*EXERCISE*
Reproduce exactly the run of lines that begins with the one containing "USA Baby Sweatshirt Pants 2-piece Blue Set" and ends with the last line of the records, omitting pictures.

+ + + + + + +

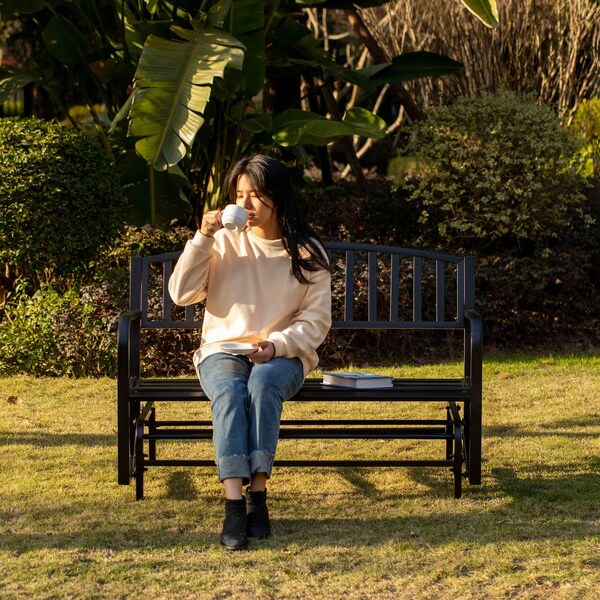 Gardenised Gardenised Outdoor Black Steel Swing, Powder Coated Glider Bench, Loveseat Lawn Rocker Bench for Yard, Patio, Garden and Deck - QI003392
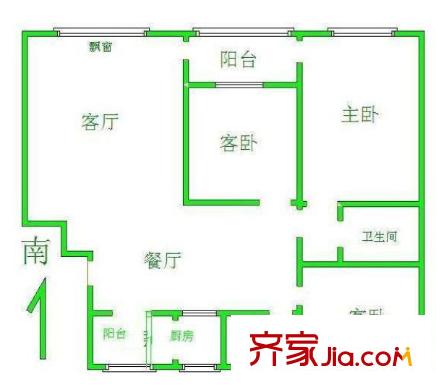 旭日華庭戶型圖戶型圖 3室 3室2廳2衛(wèi)1廚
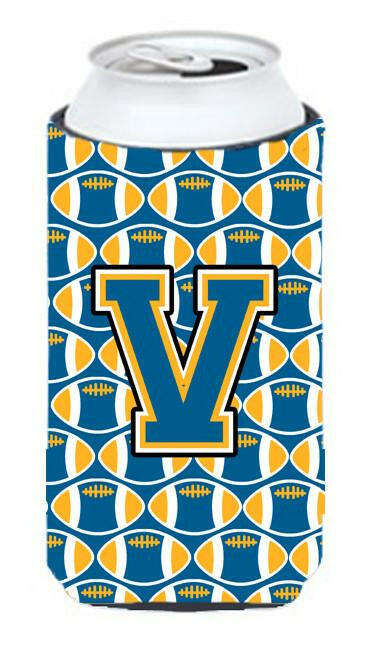 Letter V Football Blue and Gold Tall Boy Beverage Insulator Hugger CJ1077-VTBC by Caroline's Treasures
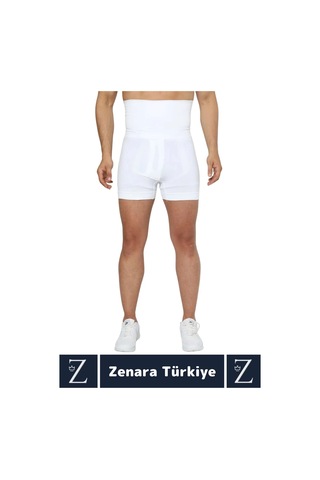Gündelik Kaymaz Göbek Kalça Toparlayan Sıkılaştıran Bel Düzleştiren İncelten Erkek Duble Boxer Korse Beyaz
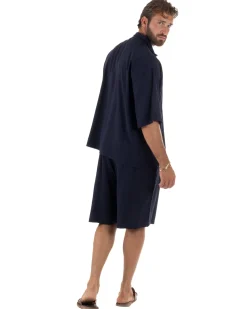 Coordinato uomo completo lino basic camicia bermuda blu GIOSAL-OU2568A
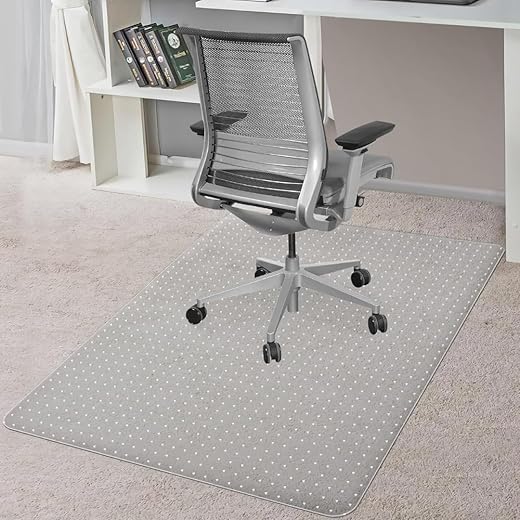 Qlarity Covers 2mm Thick 36X48 Inch PVC Chair Mat for Carpet Floors(Not for Hard Floors) | Office Chair Mat Carpet Protector for Low/Medium Pile | Rectangular Smooth Rolling Anti-Slip Mat(Translucent)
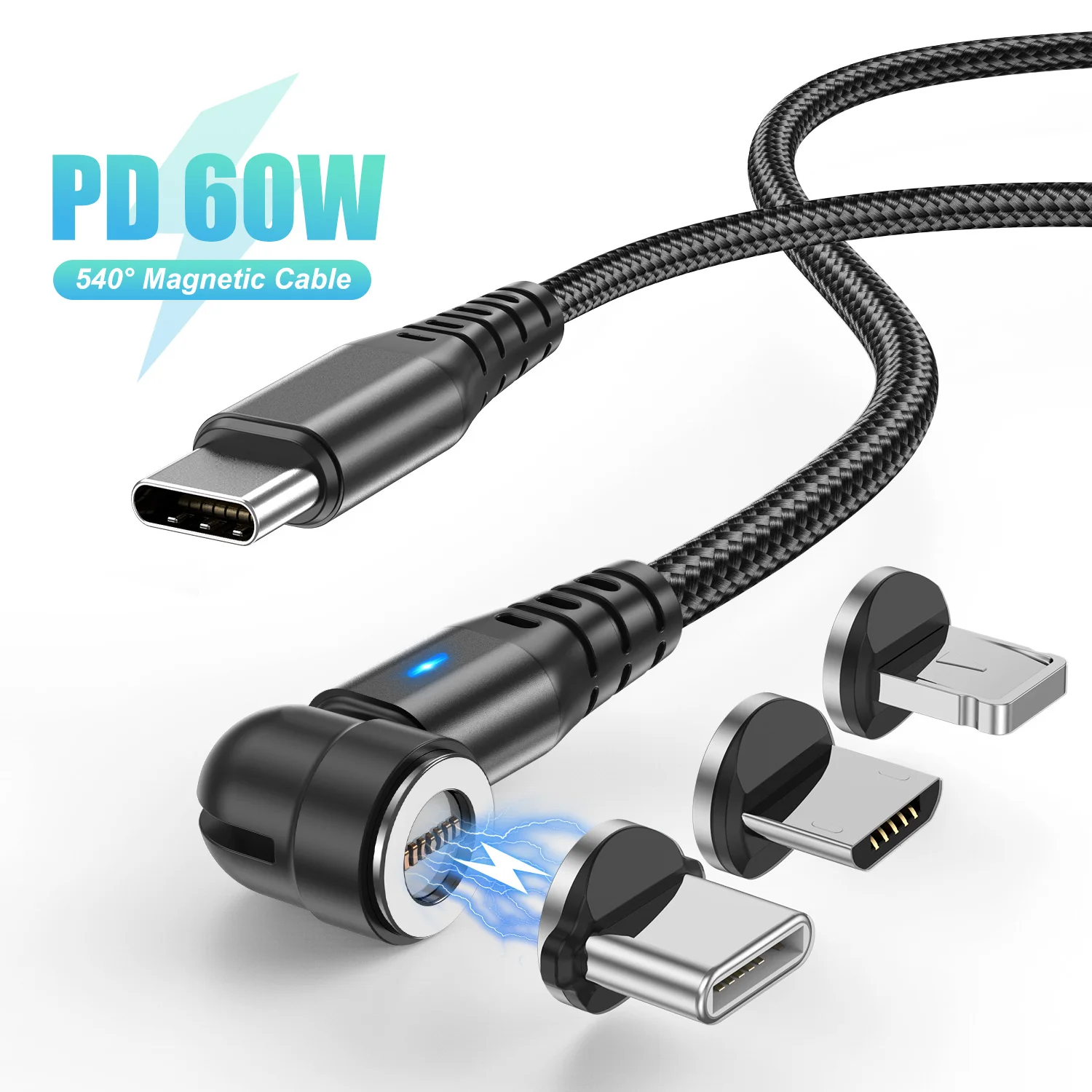 Cavo magnetico PD da 60W per iPhone 14 11 Samsung Xiaomi Macbook cavo di ricarica rapida Huawei cavo dati da USB C a tipo C Micro IOS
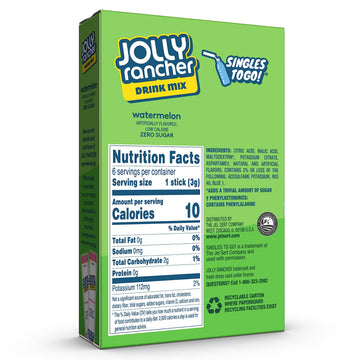 Jolly Rancher Singles To Go Powdered Drink Mix, Watermelon, 12 Boxes with 6 Packets Each - 72 Total Servings, Sugar-Free Drink P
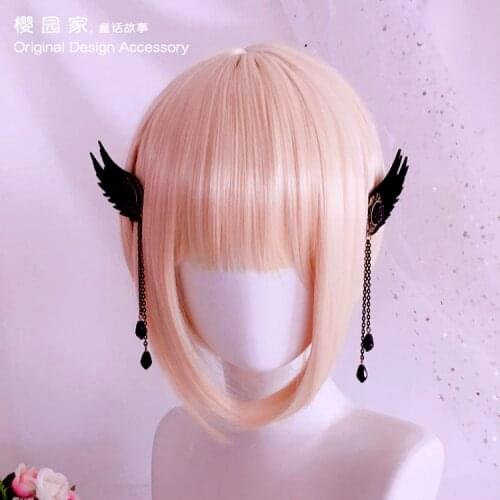 Dark girl wings tassel ear clip Gothic ear bone clips show cos earrings black earless ear clip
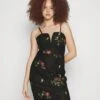 Wal G Simran Midi Floral Dress - Robe De Soirée - Black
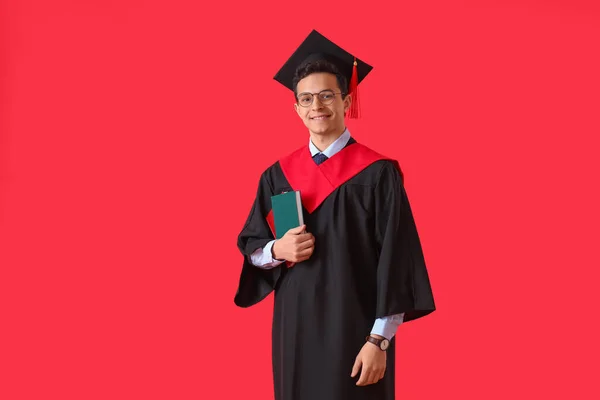 Mężczyzna Absolwent Student Tle Kolor — Zdjęcie stockowe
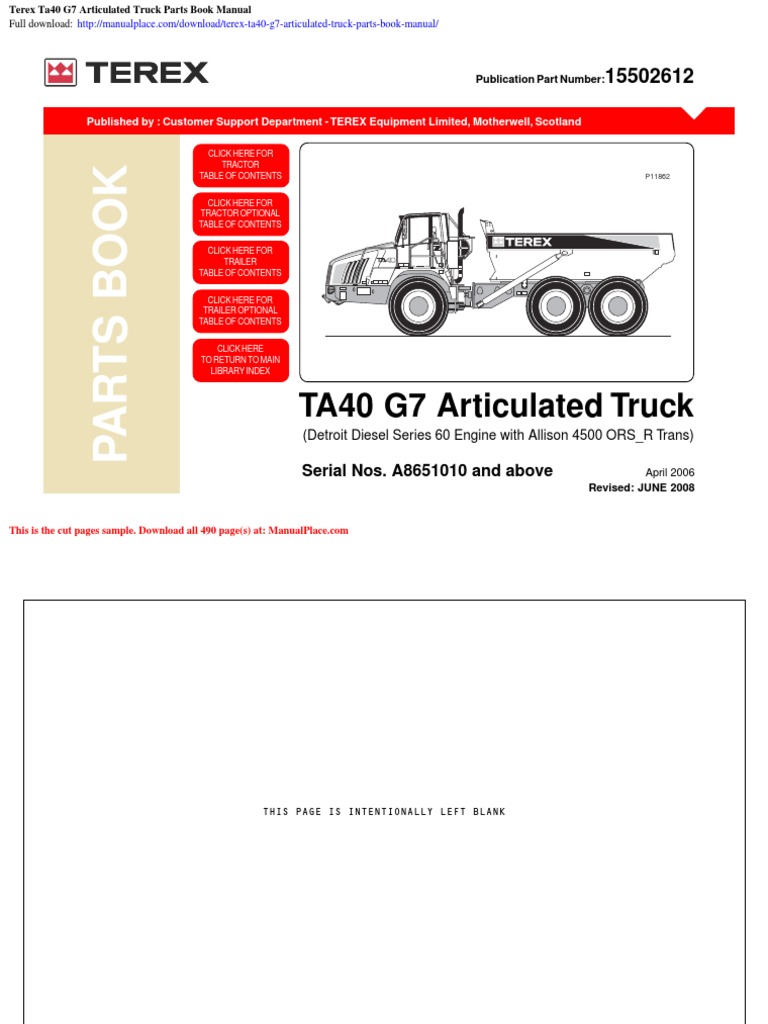 Terex TA40 G7 Parts Manual | PDF | Technology & Engineering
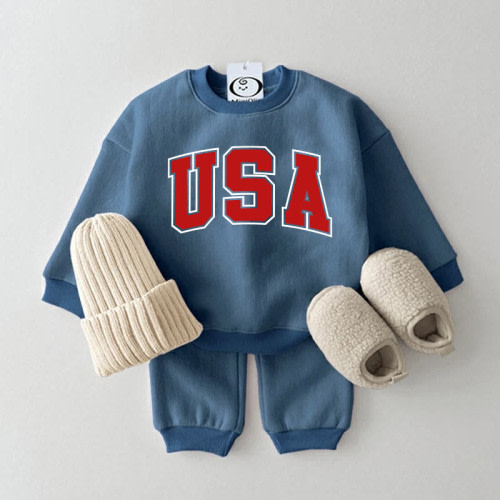 USA Baby Sweatshirt Pants 2-piece Blue Set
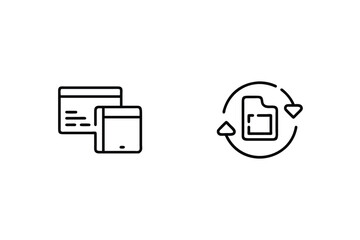 Leinwandbilder - File Synchronization With Data Transfer Process In A Line Icon Design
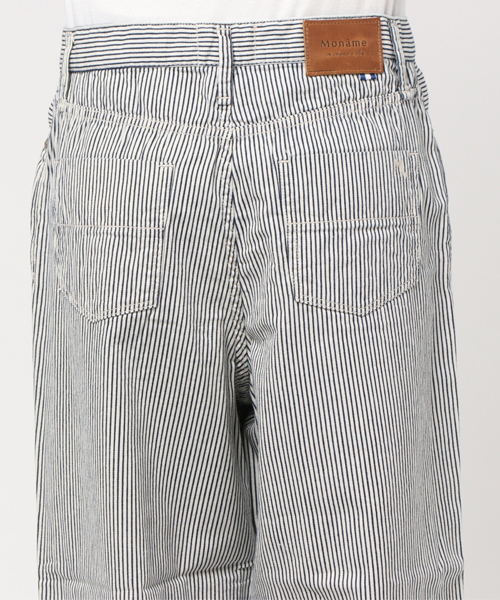 Moname（モナーム）の「■Moname   ヒッコリー デニムストライプパンツ   WIDE PANTS(ワイドパンツ)  41172214（デニムパンツ・レディース・ホワイト・23inch/26inch/24inch/25inch）」の6枚目の写真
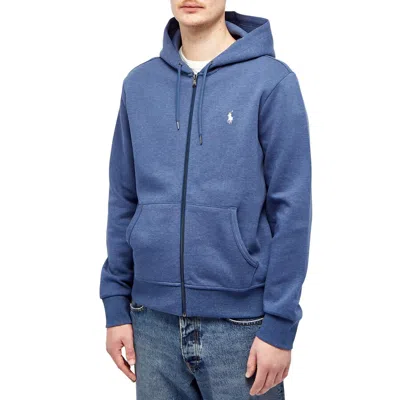 Polo Ralph Lauren Double Knit Polo-pony Hoodie In Blue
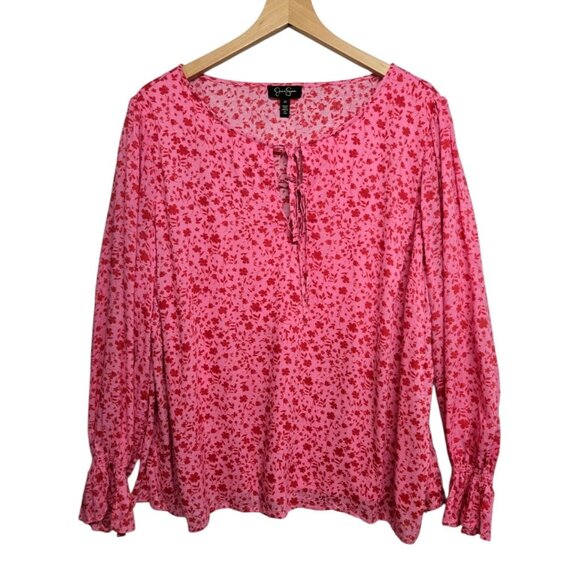 Jessica Simpson Womens Plus 2X Pink Ditsy Floral Print Top Balloon Sleeve Casual - Picture 3 of 7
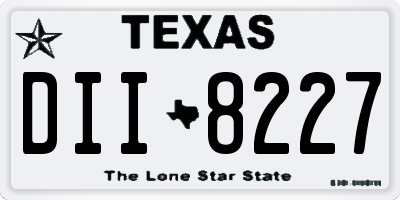 TX license plate DII8227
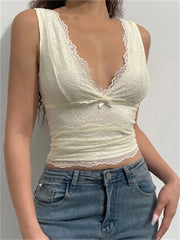 Lace Floral Summer Party Clubwear Sleeveless V-neck Slim Fit Solid Cropped  Crop Tops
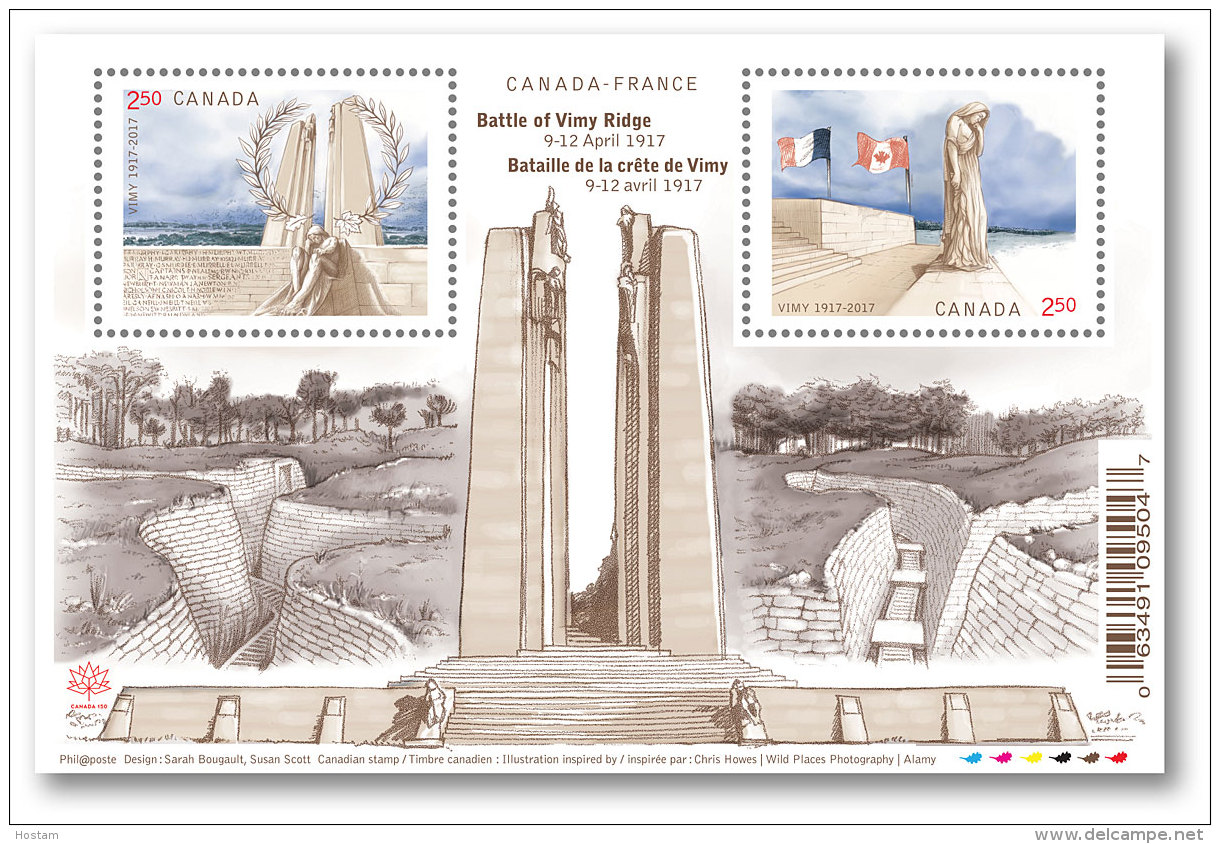 CANADA 2017.   CENTENARY Of The BATTLE Of VIMY RIDGE,  SHEETHLET Of  Two $2.50  Stamps   See Info Below - Blokken & Velletjes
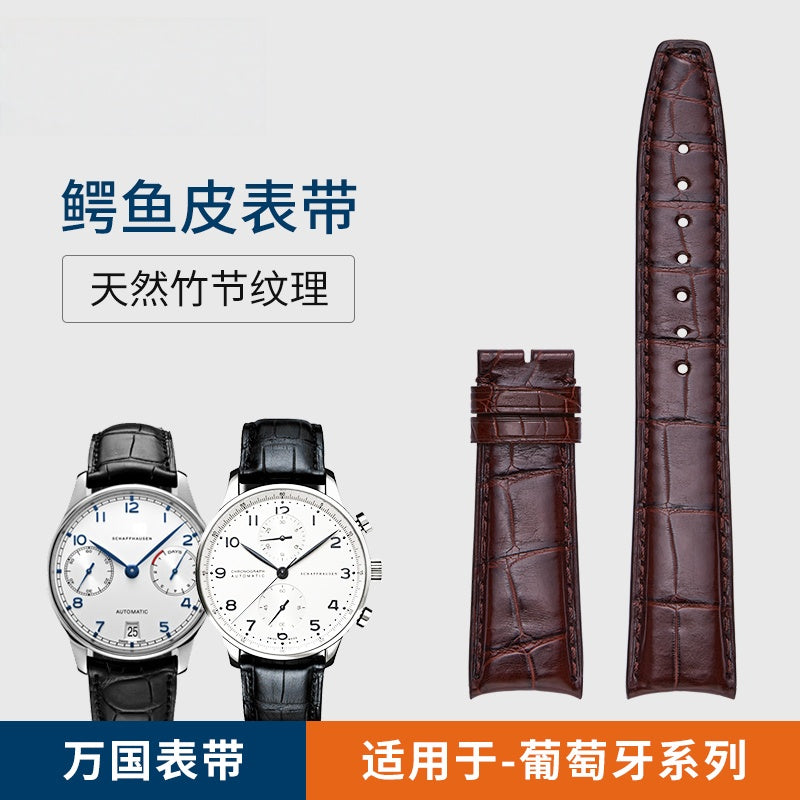 Alligator Leather Watch Strap for IWC, fits Portofino, Pilot, Portuguese 7, Portuguese Chronograph, Genuine Leather for Men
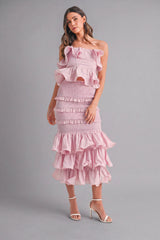 KATHLEEN RUFFLE TUBE TOP AND TIERED MIDI SKIRT SET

+ + + + + + +

*ANSWER BELOW*
 USA Baby Sweatshirt Pants 2-piece Blue Set
 Leinwandbilder - File Synchronization With Data Transfer Process In A Line Icon Design
 Moname（モナーム）の「■Moname   ヒッコリー デニムストライプパンツ   WIDE PANTS(ワイドパンツ)  41172214（デニムパンツ・レディース・ホワイト・23inch/26inch/24inch/25inch）」の6枚目の写真
 Polo Ralph Lauren Double Knit Polo-pony Hoodie In Blue
 Jessica Simpson Womens Plus 2X Pink Ditsy Floral Print Top Balloon Sleeve Casual - Picture 3 of 7
 TX license plate DII8227
 Lace Floral Summer Party Clubwear Sleeveless V-neck Slim Fit Solid Cropped  Crop Tops
 CANADA 2017.   CENTENARY Of The BATTLE Of VIMY RIDGE,  SHEETHLET Of  Two $2.50  Stamps   See Info Below - Blokken & Velletjes
 Alligator Leather Watch Strap for IWC, fits Portofino, Pilot, Portuguese 7, Portuguese Chronograph, Genuine Leather for Men
 KATHLEEN RUFFLE TUBE TOP AND TIERED MIDI SKIRT SET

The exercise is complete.